Antique engines create modern wonder - St. Louis Post-Dispatch

For a while Saturday, 6-year-old Trevor Lyons was fascinated by a wonder of technology that was as fresh to him as the latest video game — only it was 100 years old.

Trevor watched as soda cans he dropped into a little slot were crushed by a piece of wood pushed along with the power of a gasoline engine built in 1912. His sister, Tammy Lyons, could see a bucket catching the crushed cans was close to overflowing.

"OK Trevor, give it a break for a minute, look at your bucket," she said.

Tammy, though, hoped her brother's interest in small engines would linger. "He'll probably grow up with the microchip," she said.

The engine, built by International Harvester, was one of perhaps 200 antique gasoline, kerosene and steam engines and farm tractors on display Friday and Saturday at the New Old Town Picnic in St. Peters' Old Town Park. Formerly known as the Olde Tyme Picnic, the event also featured rides, food, a beer garden, music, a horse show and a tractor pull.

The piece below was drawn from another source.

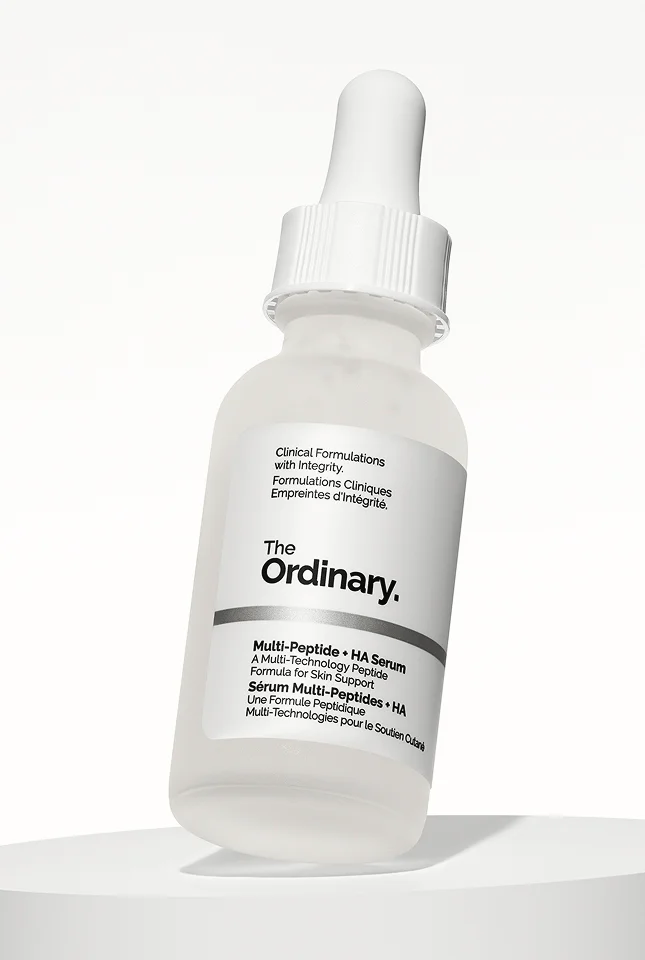 Alternative to Retinol: Multi-Peptide + HA Serum.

Many of the antique engines sputtered and hummed along, some with large spinning flywheels that rhythmically moved pistons back and forth. Their owners and restorers, members of the Illinois and Missouri Tractor and Engine Club, were demonstrating cutting-edge technology from the early 1900s to World War II, particularly in rural areas.

"I just like to watch them," said Tom Nowak of New Boston, Mo., about 25 miles southwest of Kirksville. His 1910 'six-mule team" engine, built by Associated Manufacturers of Waterloo, Iowa, was pumping water. "I could sit there watch that all day."

Before electrical lines were available throughout the country, engines were used to supply power to pump water, wash clothes, grind corn, cut wood, move conveyer belts, thresh wheat and perform a host of other tasks.

"They were used wherever you needed power at," said club President John Zalabak, 64, of Foristell. "It was pretty hard to pump water or run a saw with horses."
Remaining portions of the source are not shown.